I’m not sure the question can be answered as phrased. Mass communication destroys linguistic diversity. Throughout most of human history, language has been a continuum rather than a discrete, well-defined thing. People in village B had a couple of unique words and an accent slightly different than the people in village A, just down the road. The people in village C has a slightly stronger “accent” etc. Eventually, these differences would render communication between people from village A and village Z almost impossible.
You still see this in Italy today. “Italian” is a modern creation and is actually just the dialect of Tuscany. Even today, many people can also speak regional dialects that increase in mutual unintelligibility as you go north or south. The “Italian” dialect in, say, Trentino Alto Adige is completely incomprehensible to someone from Sicily.

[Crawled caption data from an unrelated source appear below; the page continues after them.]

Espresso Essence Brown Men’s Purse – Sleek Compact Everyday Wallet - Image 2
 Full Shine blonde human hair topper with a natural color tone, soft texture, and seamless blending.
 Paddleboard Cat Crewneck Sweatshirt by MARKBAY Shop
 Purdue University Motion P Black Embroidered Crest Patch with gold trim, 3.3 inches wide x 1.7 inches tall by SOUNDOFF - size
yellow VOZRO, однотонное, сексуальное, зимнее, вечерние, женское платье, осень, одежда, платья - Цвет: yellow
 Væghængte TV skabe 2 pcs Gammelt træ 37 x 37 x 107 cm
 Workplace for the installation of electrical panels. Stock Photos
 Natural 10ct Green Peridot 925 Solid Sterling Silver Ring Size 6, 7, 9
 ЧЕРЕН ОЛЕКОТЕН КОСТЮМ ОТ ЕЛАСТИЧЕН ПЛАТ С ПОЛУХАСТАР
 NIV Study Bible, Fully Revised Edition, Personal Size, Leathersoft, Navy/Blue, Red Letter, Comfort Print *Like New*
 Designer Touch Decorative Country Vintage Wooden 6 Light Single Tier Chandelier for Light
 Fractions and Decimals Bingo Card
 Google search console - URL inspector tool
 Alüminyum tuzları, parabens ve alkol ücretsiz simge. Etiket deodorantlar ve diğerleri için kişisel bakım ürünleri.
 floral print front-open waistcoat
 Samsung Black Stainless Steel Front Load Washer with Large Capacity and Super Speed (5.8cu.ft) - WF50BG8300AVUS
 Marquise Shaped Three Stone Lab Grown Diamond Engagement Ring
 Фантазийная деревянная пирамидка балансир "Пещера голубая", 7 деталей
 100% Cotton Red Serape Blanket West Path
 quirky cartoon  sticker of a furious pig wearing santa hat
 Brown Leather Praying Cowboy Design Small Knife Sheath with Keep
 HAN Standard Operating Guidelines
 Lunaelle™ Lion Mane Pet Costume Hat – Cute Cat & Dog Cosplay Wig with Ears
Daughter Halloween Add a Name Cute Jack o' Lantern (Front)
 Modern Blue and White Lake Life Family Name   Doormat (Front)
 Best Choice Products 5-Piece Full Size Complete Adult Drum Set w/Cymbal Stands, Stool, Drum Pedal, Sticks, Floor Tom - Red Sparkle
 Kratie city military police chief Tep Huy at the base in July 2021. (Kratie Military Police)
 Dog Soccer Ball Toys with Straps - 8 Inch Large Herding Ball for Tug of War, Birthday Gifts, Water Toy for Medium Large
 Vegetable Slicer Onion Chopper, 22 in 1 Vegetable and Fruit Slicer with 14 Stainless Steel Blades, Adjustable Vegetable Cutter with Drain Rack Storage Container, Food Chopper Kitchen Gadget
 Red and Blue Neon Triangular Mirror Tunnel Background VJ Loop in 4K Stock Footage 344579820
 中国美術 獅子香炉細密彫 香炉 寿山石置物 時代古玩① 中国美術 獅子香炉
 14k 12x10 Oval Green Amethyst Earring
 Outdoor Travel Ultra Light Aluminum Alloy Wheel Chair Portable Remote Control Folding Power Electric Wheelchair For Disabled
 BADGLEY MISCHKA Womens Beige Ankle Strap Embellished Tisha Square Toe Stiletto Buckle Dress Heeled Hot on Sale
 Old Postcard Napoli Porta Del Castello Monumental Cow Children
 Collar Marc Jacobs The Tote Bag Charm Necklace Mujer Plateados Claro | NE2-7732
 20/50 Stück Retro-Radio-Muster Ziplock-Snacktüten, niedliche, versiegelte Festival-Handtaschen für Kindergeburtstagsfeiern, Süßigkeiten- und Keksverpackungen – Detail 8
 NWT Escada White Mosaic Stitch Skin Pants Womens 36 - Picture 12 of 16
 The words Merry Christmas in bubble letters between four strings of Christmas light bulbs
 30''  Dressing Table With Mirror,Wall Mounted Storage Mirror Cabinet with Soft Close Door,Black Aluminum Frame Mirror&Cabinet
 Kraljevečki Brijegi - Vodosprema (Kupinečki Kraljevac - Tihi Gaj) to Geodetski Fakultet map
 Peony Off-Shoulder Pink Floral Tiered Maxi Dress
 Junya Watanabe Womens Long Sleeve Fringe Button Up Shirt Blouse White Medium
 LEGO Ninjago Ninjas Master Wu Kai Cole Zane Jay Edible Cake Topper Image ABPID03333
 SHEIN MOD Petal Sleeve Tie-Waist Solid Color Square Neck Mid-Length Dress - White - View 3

The printing press fixed the dialect of London as “standard” English and largely wiped out linguistic variety. The size of the British empire and relatively poor communications allowed English to flourish in new evolutionary niches, for a little while. Thus, Indian English and American English, while still quite comprehensible to speakers of British English, started to accrete differences. However, the growth of satelite television and, more importantly, the Internet, is provding an irrestible impetus for standardization.
Under these circumstances, some kinds of linguistic change, e.g., new vocabulary, can spread with blinding speed. Others, however, may never take place. I think it will be almost impossible for things like variant spellings to creep into English. There is too much inertia in the form of digital source material and too many people able and willing to correct errors.
I change in things like grammer have slowed down, due to mass communiction fixing things in place, but vocabualary is changing quite rapidly, mostly through lots of new words being added, without throwing away lots of older words.